• **WORK REQUEST**: I'd like the entries repeated exactly, without their pictures.

• **AVAILABLE DATA**:
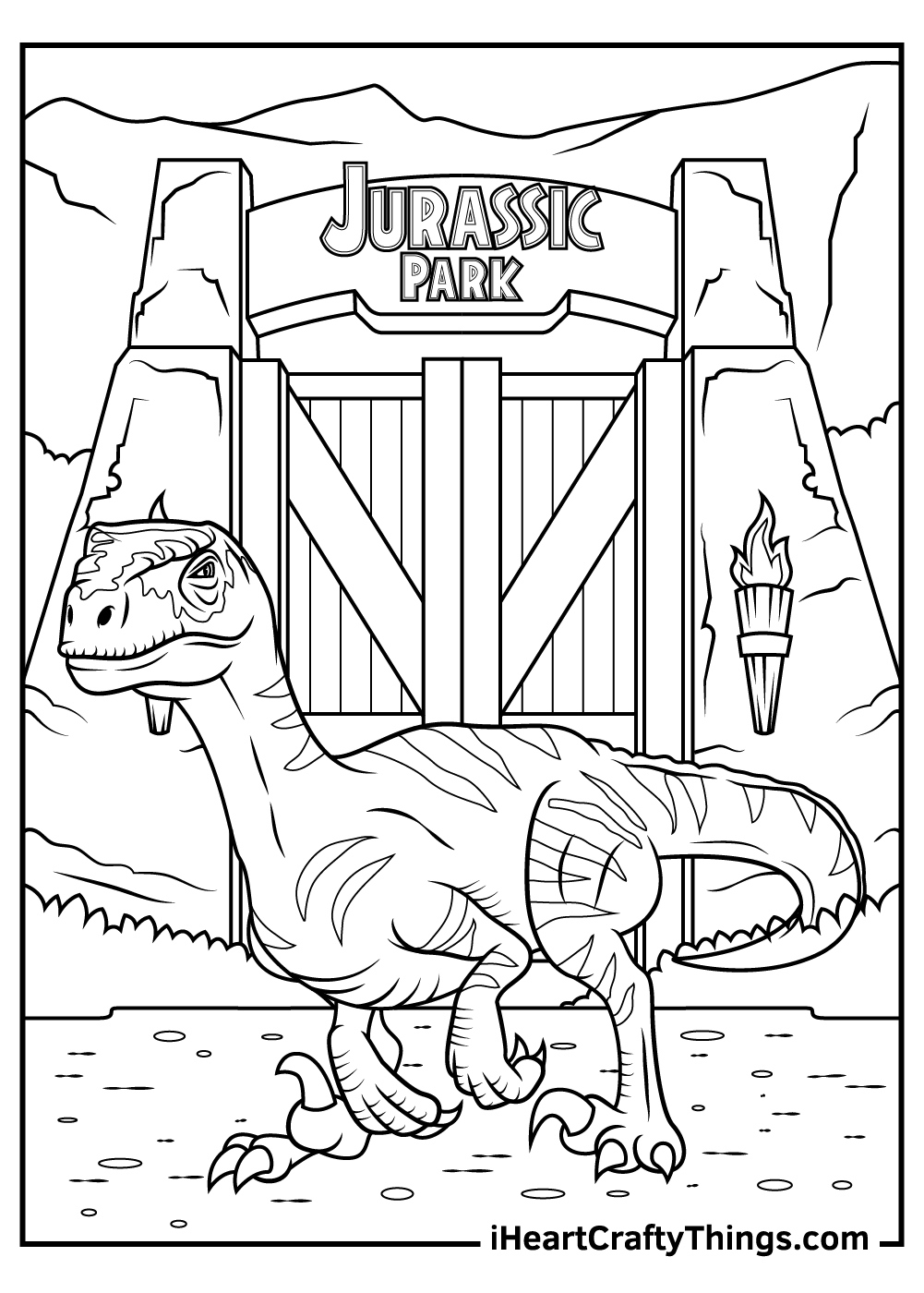 Jurassic Park Coloring Pages (100% Free Printables) in Jurassic World Free Printables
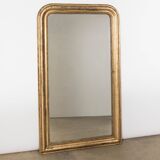 19th C Louis Philippe Mirror with Flowers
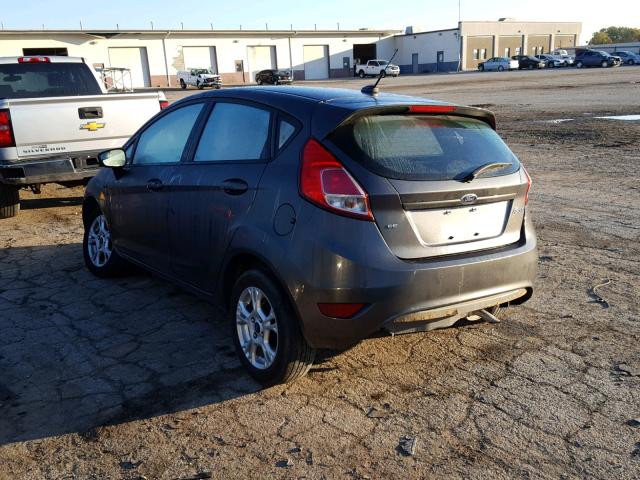 3FADP4EJ6FM126381 - 2015 FORD FIESTA SE GRAY photo 3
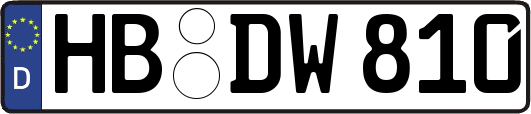 HB-DW810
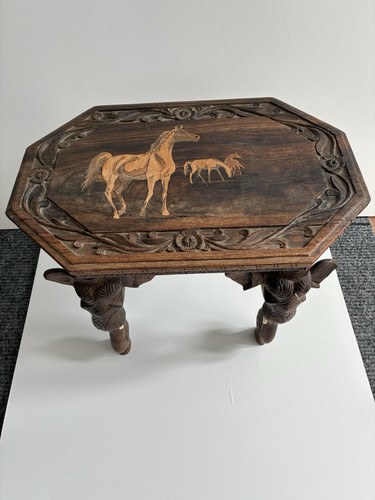 Antique small wooden table - antique,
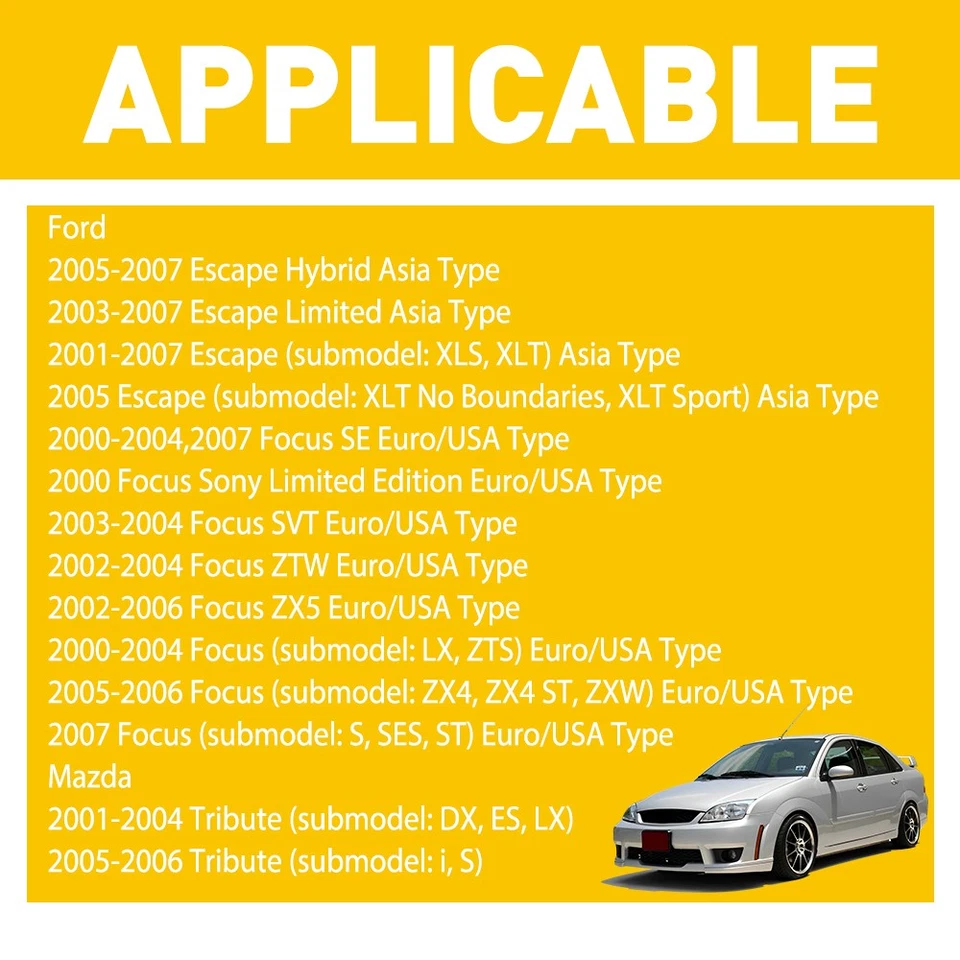 Manija de puerta apta para Ford 00-07 con cerradura Focus delantera o izquierda derecha negra FO1310142 Foto 2 de 4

• **SOLUTION**:
 Jurassic Park Coloring Pages (100% Free Printables) in Jurassic World Free Printables
 19th C Louis Philippe Mirror with Flowers
 3FADP4EJ6FM126381 - 2015 FORD FIESTA SE GRAY photo 3
 HB-DW810
 Antique small wooden table - antique,
 Manija de puerta apta para Ford 00-07 con cerradura Focus delantera o izquierda derecha negra FO1310142 Foto 2 de 4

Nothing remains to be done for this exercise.